Он протянул руку в приветствии равных, и, растерявшись, она прижала ладонь к его ладони. Потом повернулась и побежала вверх по крутой улице, вверх по ступенькам, натянув меховой капюшон на лоб о отворачиваясь о дольнерожденных, которые попадались ей навстречу. Ну почему они глядят тебе прямо в лицо, точно мертвецы или рыбы? Животные с теплой кровью и люди никогда не таращатся друг на друга. Она вышла из ворот, обращенных к холмам, вздохнула с облегчением, быстро поднялась на гребень в гаснущих красных лучах заходящего солнца, спустилась со склона между умирающими деревьями и торопливо пошла по тропе, ведущей в Тевар. За жнивьем сквозь сгустившиеся сумерки мерцали звездочки очагов в шатрах, окружающих еще не достроенный Зимний Город. Она ускорила шаг — скорее туда, к теплу, к еде, к людям. Но даже в большом женском шатре ее рода, стоя на коленях у очага и ужиная похлебкой вместе с остальными женщинами и детьми, она ощущала в своих мыслях что-то странное и чужое. Она сжала правую руку, и ей почудилось, что она хранит в ладони пригоршню мрака прикосновение его руки.
Глава 2. В алом шатре
— Каша совсем остыла! — проворчал он и оттолкнул плетенку, а потом, когда старая Керли покорно взяла ее, чтобы подогреть бхану, мысленно обозвал себя сварливым старым дурнем. Но ведь ни одна из его жен — правда, теперь всего одна и осталась, — ни одна из его дочерей, ни одна из женщин его Рода не умеет варить бхановую кашу, как ее варивала Шакатани. Как она стряпала! И какой молодой была… последняя его молодая жена. Умерла в восточных угодьях, умерла молодой, а он все живет и живет — и вот уже скоро опять наступит лютая Зима.
Вошла девушка в кожаной куртке с выдавленным на плече трилистником знаком его Рода. Внучка, наверное. Немного похожа на Шакатани. Он заговорил с ней, хотя и не припомнил ее имени:
— Это ты вчера вернулась поздней ночью, девушка?
Тут он узнал ее по улыбке и по тому, как она держала голову. Та маленькая девочка, с которой он любил шутить, — такая задумчивая, дерзкая, ласковая и одинокая. Дитя, рожденное не в срок. Да как же ее все-таки зовут?

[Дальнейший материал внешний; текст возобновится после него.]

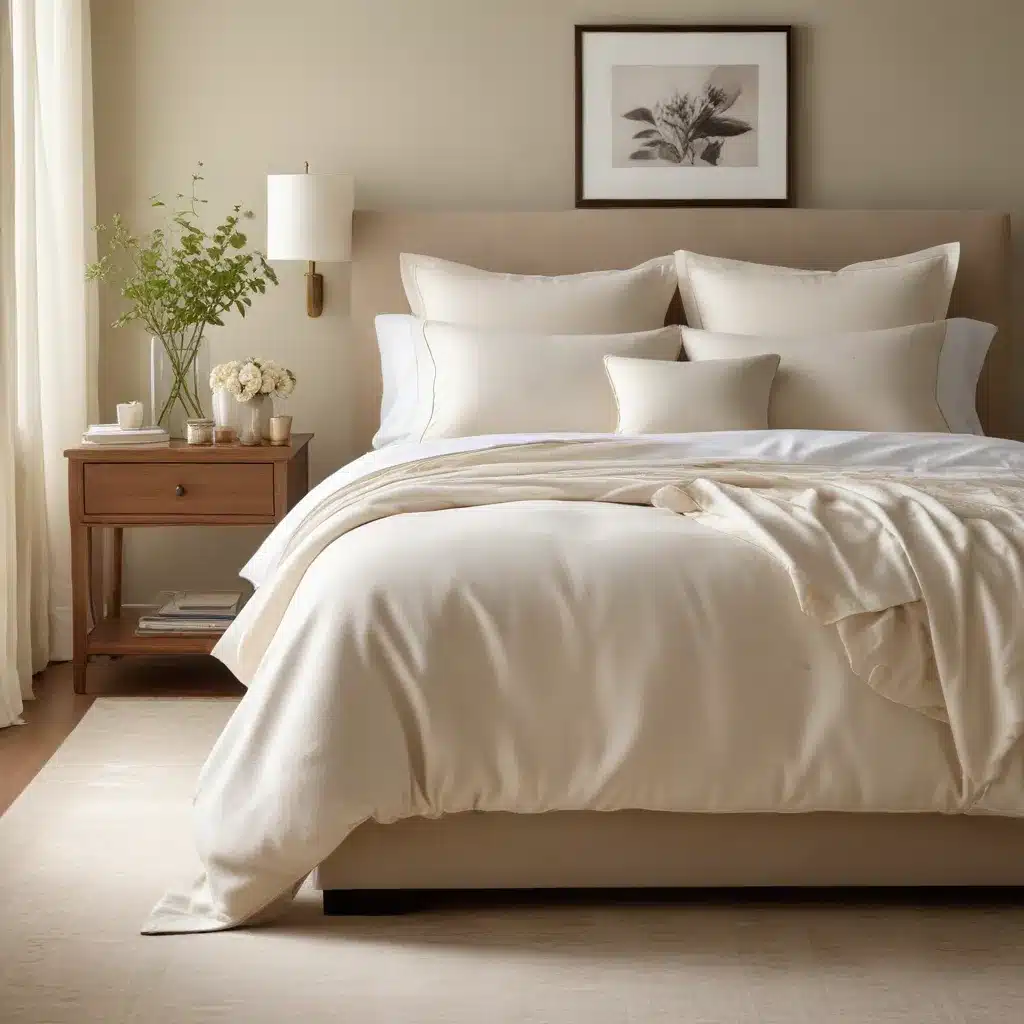 Organic Allure: Natural Fabrics for Soothing Bedroom Retreats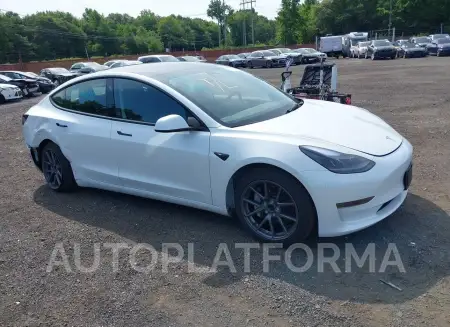 Tesla Model 3 2023 2023 vin 5YJ3E1EA5PF579066 from auto auction Iaai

— Я пришла к тебе с вестью, Старейший.
— От кого?
— Он назвался большим именем — Джекат-аббат-больтеран. А может быть, и по-другому. Я не запомнила.

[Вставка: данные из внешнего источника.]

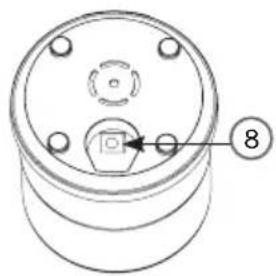 DOMO DO9215AV - COMPONENTI - 4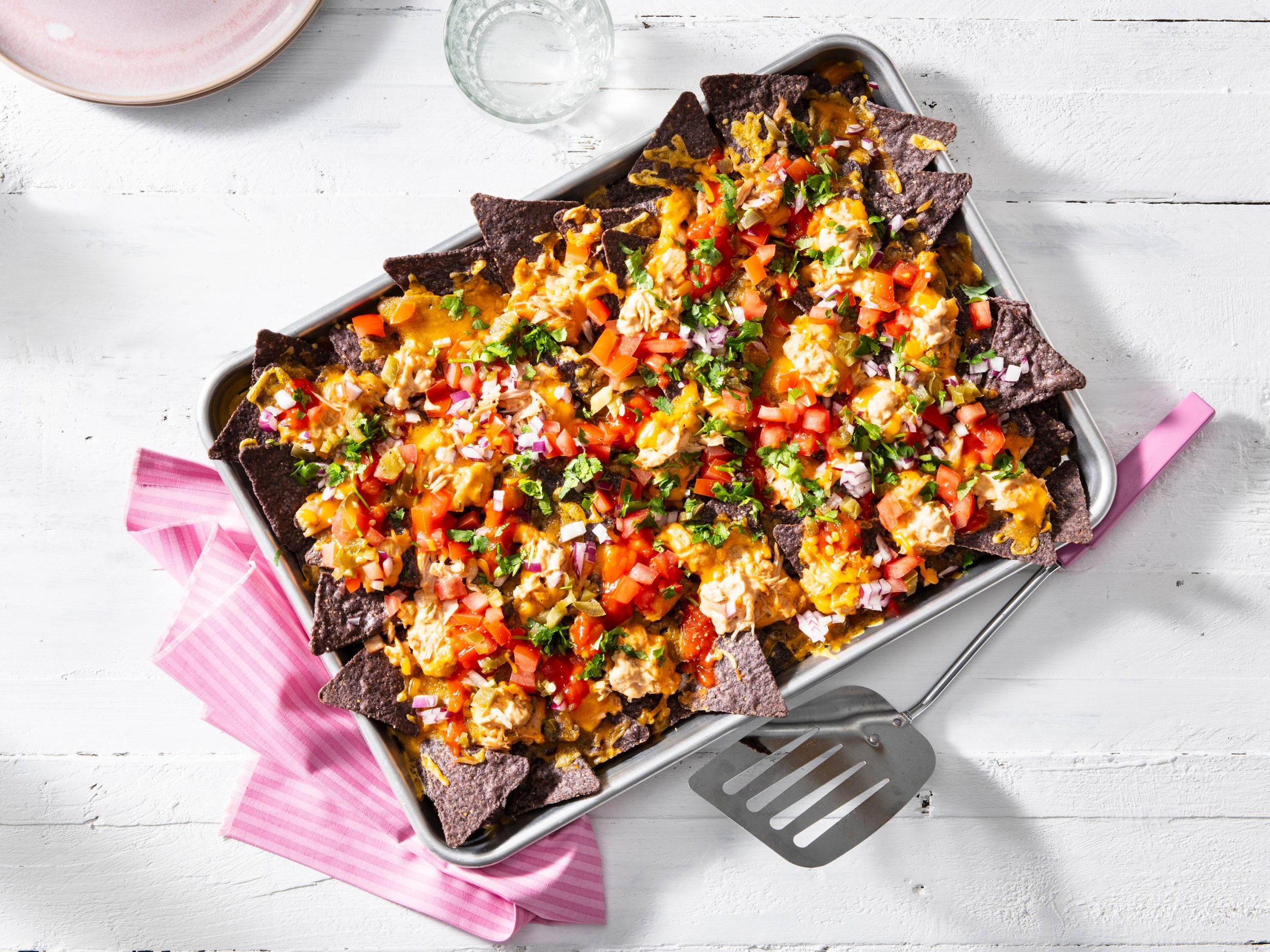 Tuna Melt Nachos | Savory
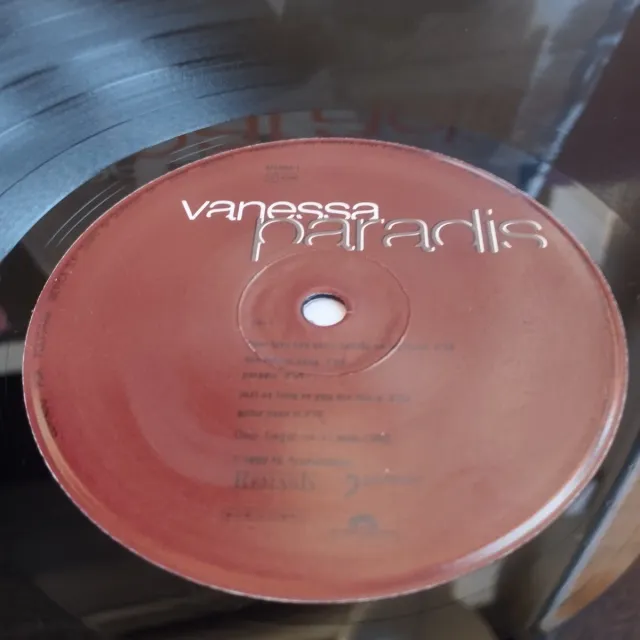 VANESSA PARADISE sin título 1992 LP vinilo ed ESP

— Альтерран? Так дальнерожденные называют своих Старейшин. Где ты встретила этого человека?
— Это был не человек, Старейший, а дальнерожденный. Он шлет тебе привет и весть, что придет сегодня в Тевар поговорить со Старейшим.

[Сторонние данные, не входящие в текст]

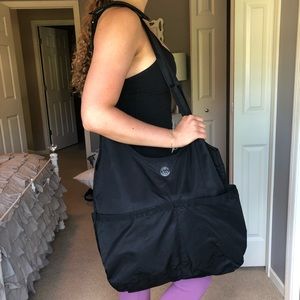 Lululemon Black Bag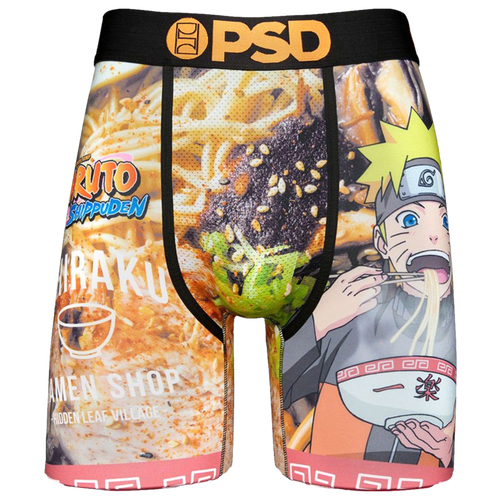 

PSD Mens PSD Naruto Ramen Underwear - Mens Multi Color/Multi Color Size XXL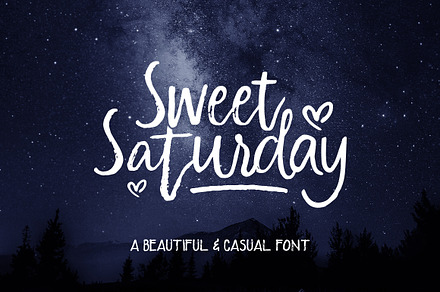 Sweet Saturday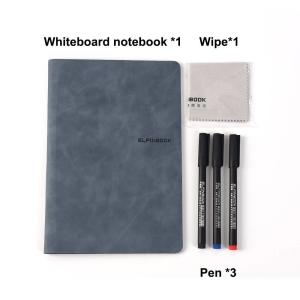 Best Custom Whiteboard Notebook Magnetic Dry Erase Notepad With Cover wholesale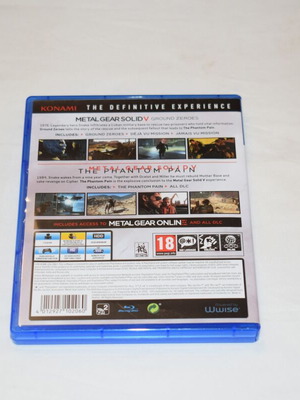Metal Gear Solid V The Definitive Experience PS4 game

— Вот как? — сказал Вольд и слегка потряс головой, восхищаясь ее дерзостью. — И ты, значит, его вестница?
— Он случайно заговорил со мной.
— Да-да. А знаешь ли ты, девушка, что у людей Пернмекского Предела незамужнюю женщину, которая заговорит с дальнерожденным наказывают?
— А как наказывают?
— Не будем об этом.
— Пернмеки едят клоуб и бреют головы. Да и что они знают о дальнерожденных? Они же никогда не приходят на побережье. А в одном из шатров я слышала, будто у Старейшего в моем Роде была дальнерожденная жена. В былые дни.
— Это верно. В былые дни. Девушка молча ждала, а Вольд вспомнил далекое прошлое, другое время, былое время — Весну. Краски, давно развеявшиеся сладкие запахи, цветы, отцветшие сорок лунокругов назад, почти забытый голос — Она была молодой. И умерла молодой. Еще до наступления Лета. Помолчав, он добавил: — Но это совсем не то же самое, что незамужней женщине разговаривать с дальнерожденным. Тут есть разница, девушка.
— А почему?
Несмотря на свою дерзость, она заслуживала ответа.
— Причин несколько, и не очень важных, и важных. Главная же такая: дальнерожденный берет всего одну жену, а истинная женщина, вступив с ним в брак, не будет рожать сыновей.
— Почему, Старейший?
— Неужто женщины больше не болтают в своем шатре? И ты в самом деле так уж ничего не знаешь? Да потому, что у людей и дальнерожденных детей не может быть. Разве ты об этом не слышала? Либо брак остается бесплодным, либо женщина разрешается мертвым уродом. Моя жена Арилия, дальнерожденная, умерла в таких родах. У ее племени нет никаких брачных правил. Дальнерожденные женщины, точно мужчины, вступают в брак с кем хотят. Но обычай людей нерушим: женщины делят ложе с истинными мужчинами, становятся женами истинных мужчин и дают жизнь истинным детям!